“Ode to Passion” — the title bespeaks heightened romance, lofty ambition and poesy. And in Jack Danani’s musical with rhyming dialogue, that’s truth in advertising.
There’s something more than a little mad in trying to tell a modern romance, in New York, with swooning “love at first sight,” pretty creatives spending all their time on love (and not creating), and “partying” just short of addiction, in verse.
But if writer/director/lyricist/composer Danani was worried about how it would come off, and with that title, a film straddling that middle ground between pretentious and cornball, the picture doesn’t let on. It’s as self-aware as a blind narcissist.
What one realizes, damned quickly I have to say, is that when you’re hearing a show in verse and the verse isn’t clever or funny or fun or Shakespeare (aka “good for you”), that’s a device that grates.

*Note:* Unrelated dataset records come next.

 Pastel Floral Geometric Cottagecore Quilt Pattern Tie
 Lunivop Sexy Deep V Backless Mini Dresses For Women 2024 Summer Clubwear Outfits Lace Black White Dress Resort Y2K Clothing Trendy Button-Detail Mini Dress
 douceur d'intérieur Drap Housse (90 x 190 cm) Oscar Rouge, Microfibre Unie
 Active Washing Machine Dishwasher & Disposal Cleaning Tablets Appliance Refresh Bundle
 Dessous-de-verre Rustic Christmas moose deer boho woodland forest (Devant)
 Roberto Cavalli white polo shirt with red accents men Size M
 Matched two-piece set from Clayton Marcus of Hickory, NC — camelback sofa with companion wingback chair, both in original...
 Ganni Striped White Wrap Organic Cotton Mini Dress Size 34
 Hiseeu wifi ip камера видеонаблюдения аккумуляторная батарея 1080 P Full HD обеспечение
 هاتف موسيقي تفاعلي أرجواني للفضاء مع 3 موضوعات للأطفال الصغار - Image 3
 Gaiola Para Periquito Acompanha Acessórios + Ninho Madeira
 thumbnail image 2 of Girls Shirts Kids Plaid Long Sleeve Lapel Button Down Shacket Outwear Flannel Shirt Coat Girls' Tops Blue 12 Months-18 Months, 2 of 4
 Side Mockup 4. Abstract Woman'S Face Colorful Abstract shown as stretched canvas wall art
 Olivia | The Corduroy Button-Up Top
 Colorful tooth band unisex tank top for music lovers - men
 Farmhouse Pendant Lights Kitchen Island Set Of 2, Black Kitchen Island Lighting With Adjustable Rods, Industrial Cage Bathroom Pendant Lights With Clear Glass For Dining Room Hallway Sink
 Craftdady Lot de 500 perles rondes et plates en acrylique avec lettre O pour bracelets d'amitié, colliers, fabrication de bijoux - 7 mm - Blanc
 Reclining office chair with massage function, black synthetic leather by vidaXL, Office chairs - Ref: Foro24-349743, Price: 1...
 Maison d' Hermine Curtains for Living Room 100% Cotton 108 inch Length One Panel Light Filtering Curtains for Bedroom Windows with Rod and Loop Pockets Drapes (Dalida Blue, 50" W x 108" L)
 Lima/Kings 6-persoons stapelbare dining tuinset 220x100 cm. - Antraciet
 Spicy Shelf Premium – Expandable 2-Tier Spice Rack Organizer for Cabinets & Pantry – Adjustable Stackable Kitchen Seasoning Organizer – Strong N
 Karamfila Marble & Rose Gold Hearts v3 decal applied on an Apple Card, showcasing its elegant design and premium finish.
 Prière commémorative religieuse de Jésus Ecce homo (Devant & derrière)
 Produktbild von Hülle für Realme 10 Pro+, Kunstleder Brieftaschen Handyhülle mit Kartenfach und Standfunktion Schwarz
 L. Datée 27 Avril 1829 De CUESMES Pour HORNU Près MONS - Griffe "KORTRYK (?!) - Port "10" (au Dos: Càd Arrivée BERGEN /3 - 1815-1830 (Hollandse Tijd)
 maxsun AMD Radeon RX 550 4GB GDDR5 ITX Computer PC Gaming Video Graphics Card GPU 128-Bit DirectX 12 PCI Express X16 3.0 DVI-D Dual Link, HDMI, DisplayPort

And when, 15 minutes in, the verse blends into a forgettable “I Met a Girl/I Met A Guy” song, the first of many which will be forgotten over the 2:05 running time of the picture, you know you’re in trouble.
He’s a young writer. She’s an aspiring actress. He’s pals with with a priest (Al Pagano). She likes to paint the town red, with a nice dusting of snow — Cocaine, you silly. It’ll never work out.
The pleasantly bland (thin-voiced) leads — Giuseppe Bausilio, Julia Nightingale — court and couplet away, and sing when the need arises. But the romance fails to take flight, the conflicts fail to engage, the obstacles to love necessary in such romances neither surprise nor come off as anything other than contrived.
And…those…rhymes — archaic, stilted, purplish nonsense, “inane” by any other name.
“So much to saaaay, but where to start…
“It matters not, just speak your heart.”
On her first magical moments with Michael (Bausilio), Sarah (Nightingale) ticks off a quick CV of likes and dislikes.
“DaVinci, shockingly ahead of his time, ‘Pretty Woman,’ I forget the line…”
I mouth a slow, gobsmacked and profane question, in the form of an acronym — W.T.F?
But seriously, why use a look, a gesture, a light in the eyes to touch the heart or make a cogent point when 216 words will do? I mean, who cares that film is a visual medium?
The glossy sheen this one puts on New York — parks by day, tony bars and MGM streetlights by night — never lets us forget “There isn’t much going on here but rhyming.”
There’s a girls’ night out number carried off by Victoria Meade, who has the meatiest singing voice in the cast, and plays the “bad girl” vamp as if it started as a hobby. Build a movie around her, her character, not the colorless characters and those cast to play the characters.
The intentions weren’t bad, just misguided. And a lot of effort shows, even if interest in the gimmick dies an early but lingering death.
The ambition of it all is daunting. But of “Ode to Passion” — ugh, that title — is “form over substance” at its most elementary. And that form…
Cast: Giuseppe Bausilio, Julia Nightingale, Jeff Smith, Victoria Meade, Al Pagano and Marcus Harmon.
Credits: Written, directed and scored by Jack Danani. A Jack Danini Productions release.